◆ Exercise prompt: Nothing but the lines from the one containing "Dark background with" to the end of the data should be copied, exactly, and the pictures stay out.

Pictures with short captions
_ _ _ _ _
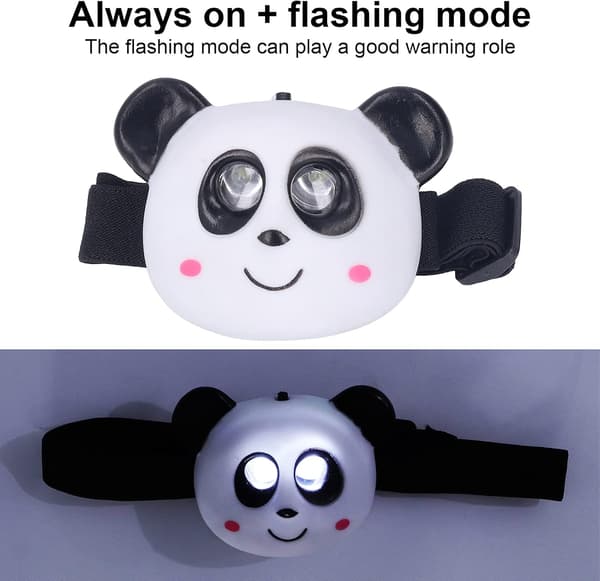 Hodelykt, dyreformet LED-hodelykt, tegneserie dyrehodelykt 2-moduser, hodelykt for barn voksne Panda Panda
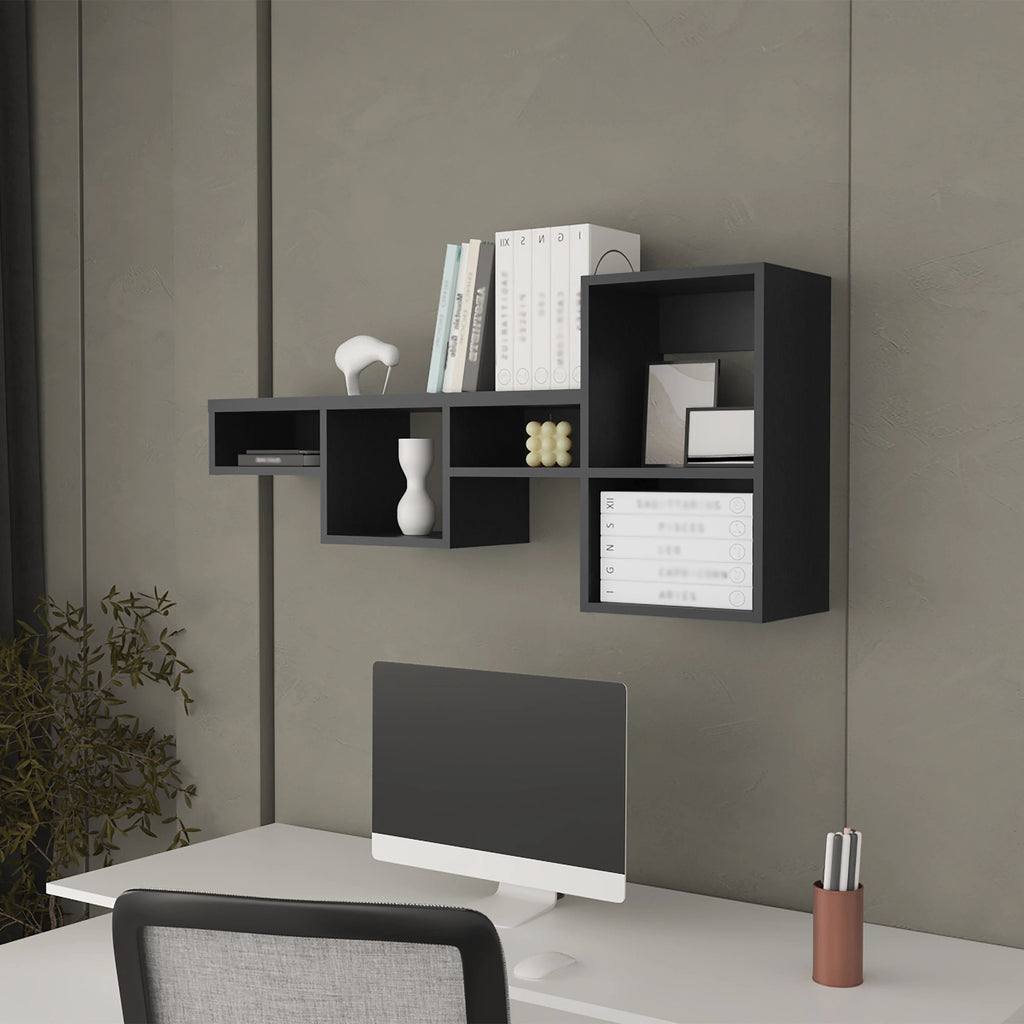 Wenge Wall-Mounted Shelf Unit with 5 Shelf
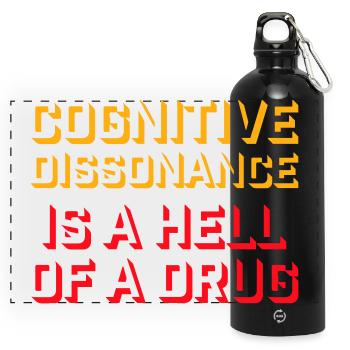 La dissonance cognitive est un sacré dicton. - Gourde panoramique avec mousqueton 750 ml - noir - Devant
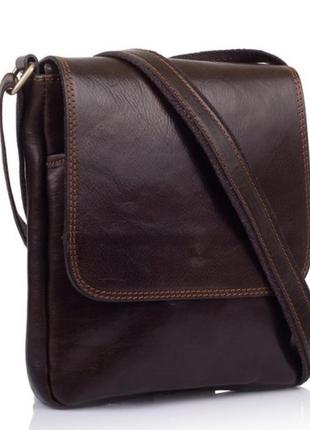 Мужская кожаная сумка планшет мессенджер барсетка из натуральной кожи италия шкіряна сумка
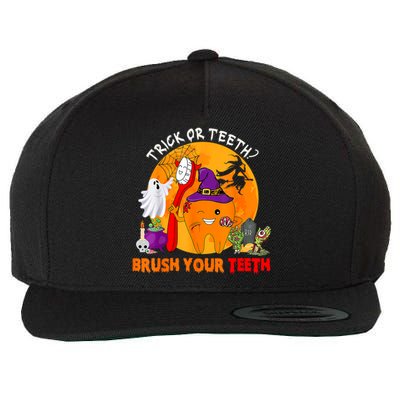 Trick Or Teeth Brush Your Teeth Halloween Tooth As Zombie Gift Wool Snapback Cap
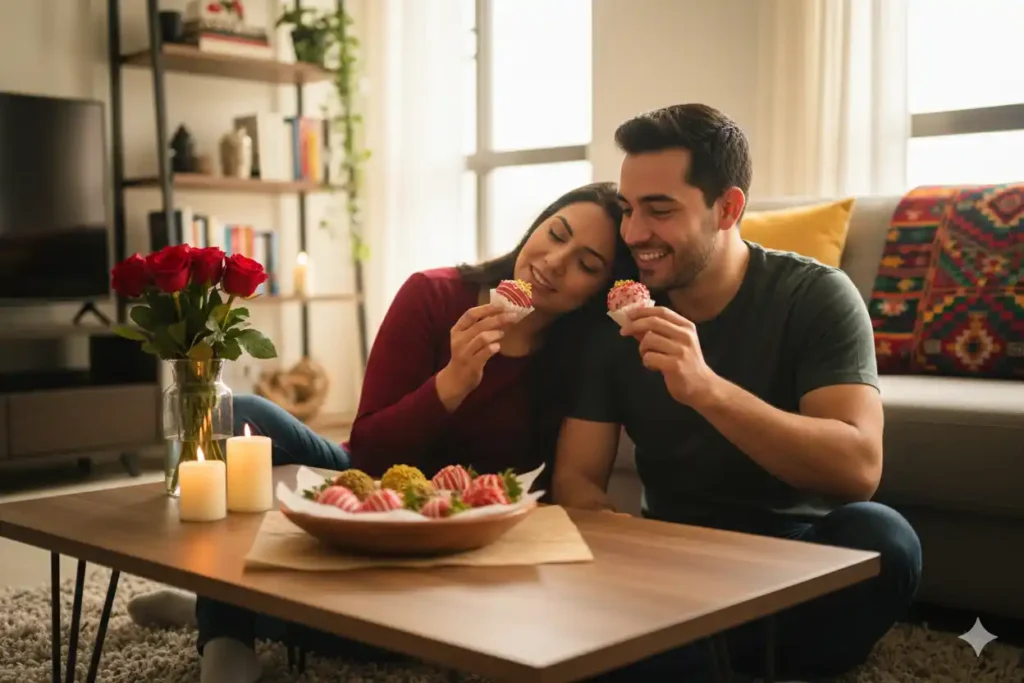Entrega a domicilio de fresas con chocolate como sorpresa de San Valentín
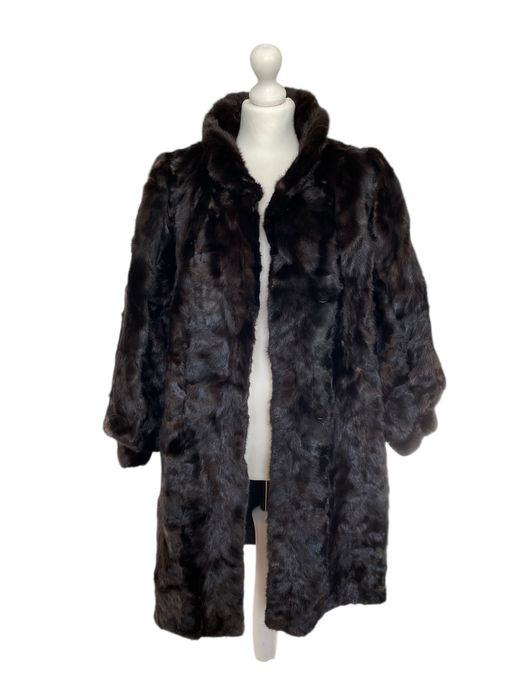 Naturalne futro z norek, czekoladowy brąz, L, stan igła!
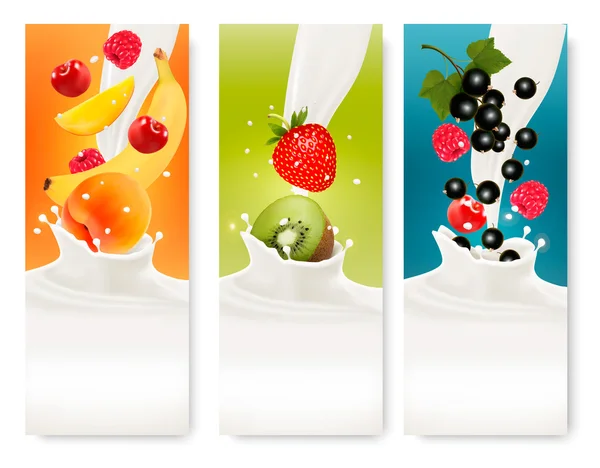 Tres etiquetas de frutas y leche. Vector . — Vector de stock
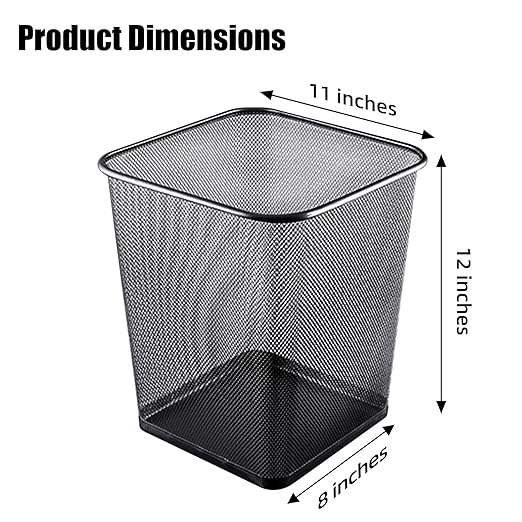 10-Pack Black Square Metal Trash Cans 6 Gallon,Mesh Office Trash Cans, Metal Wire Wastebaskets, Waste Basket Trash Can, Small Trash Can, Garbage Bin for Office, Home,School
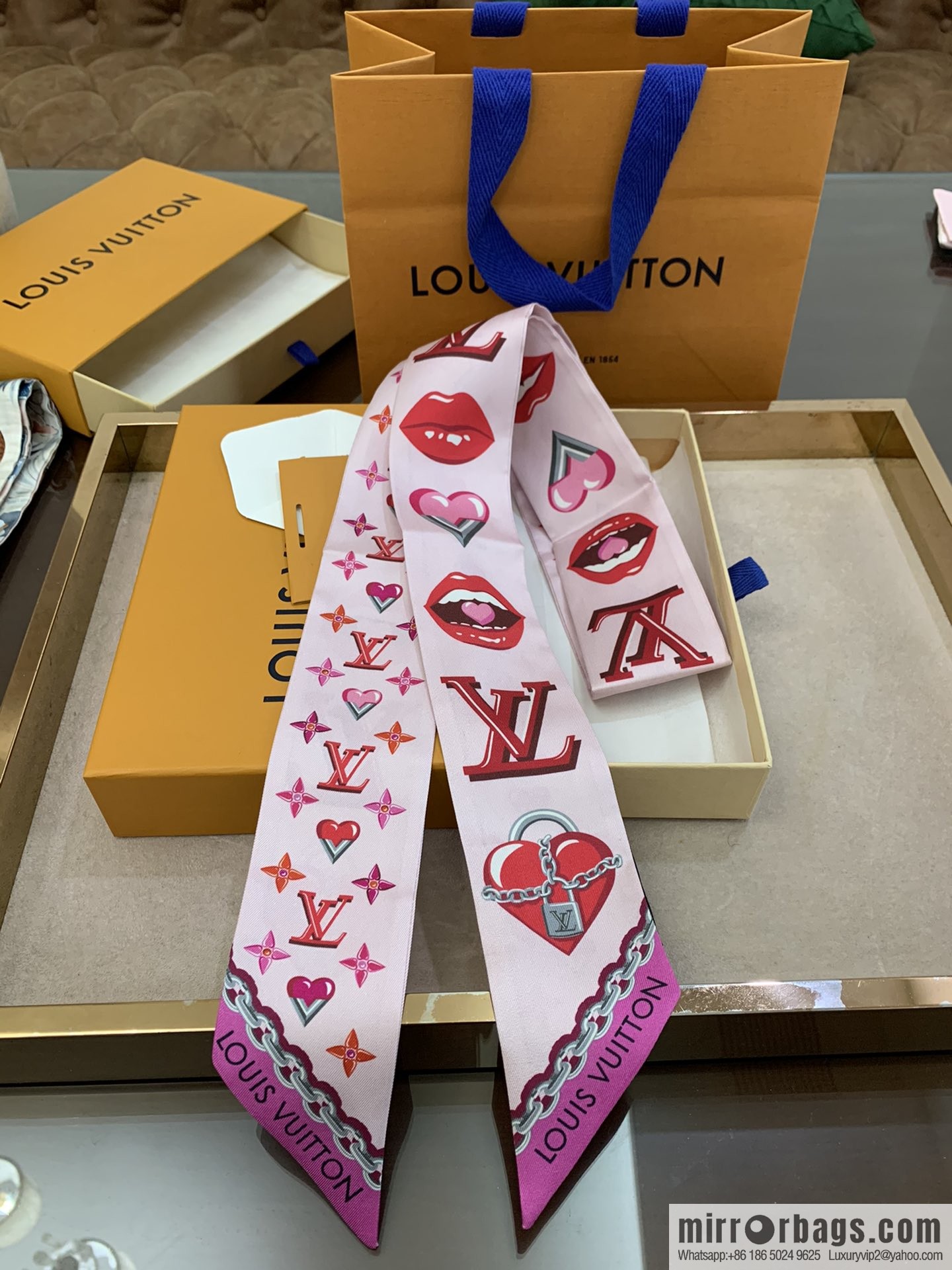 LV Louis Vuitton 100% Silk Lucky Monogram BB Hair Band M76117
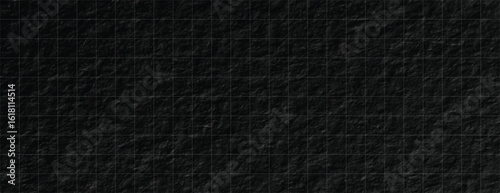Dark background with black waves, featuring a smooth, flowing texture. The black background enhances the wavy design. Digital background vector. Black background.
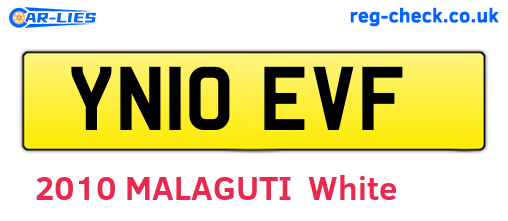 YN10EVF are the vehicle registration plates.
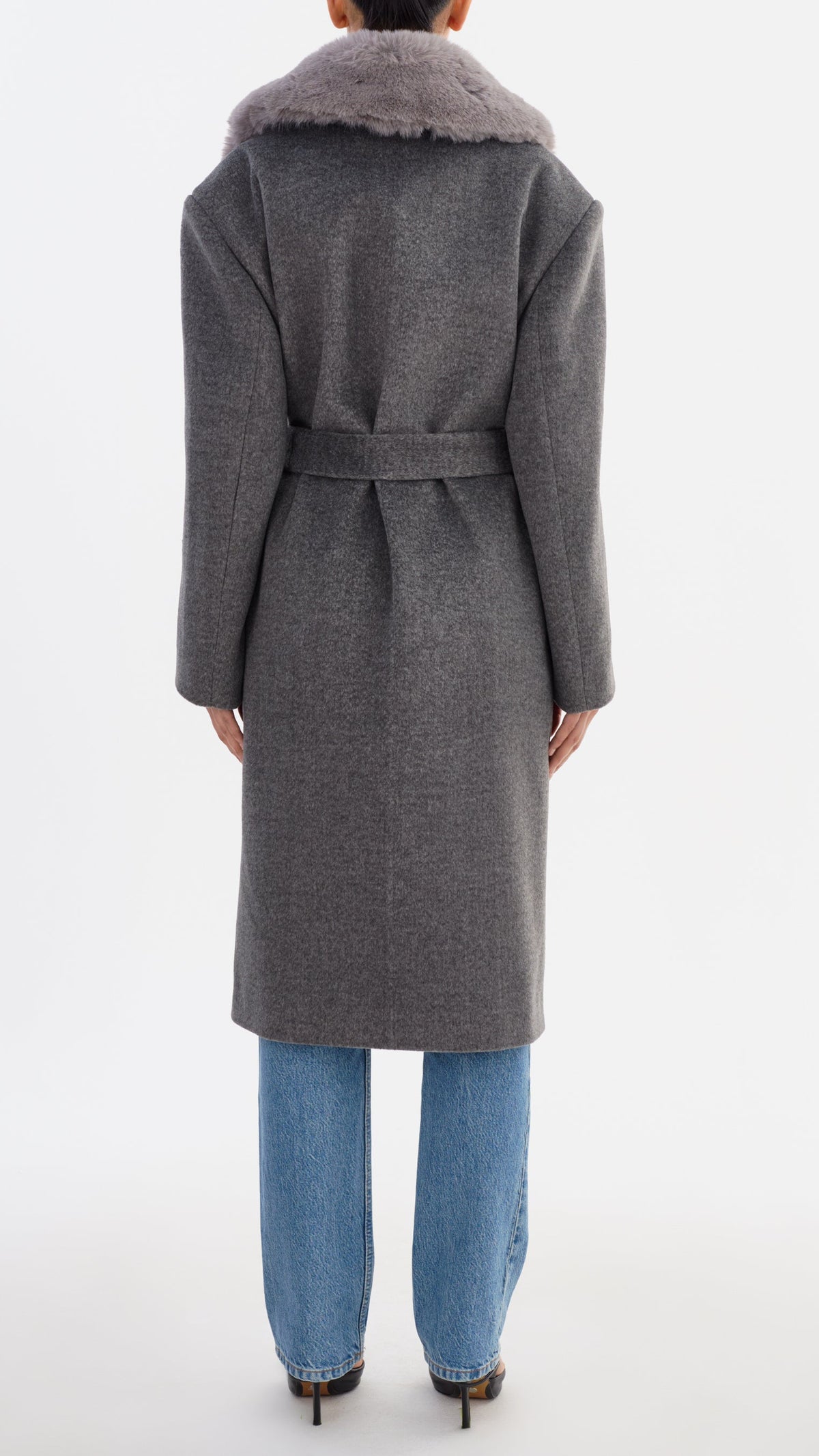 Lamarque Tillie Brushed Wool Belted Coat with Faux Fur Trim in Heather Dark Grey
_ _ _ _ _
◆ Answer section:
Dark background with black waves, featuring a smooth, flowing texture. The black background enhances the wavy design. Digital background vector. Black background.
 YN10EVF are the vehicle registration plates.
 Lamarque Tillie Brushed Wool Belted Coat with Faux Fur Trim in Heather Dark Grey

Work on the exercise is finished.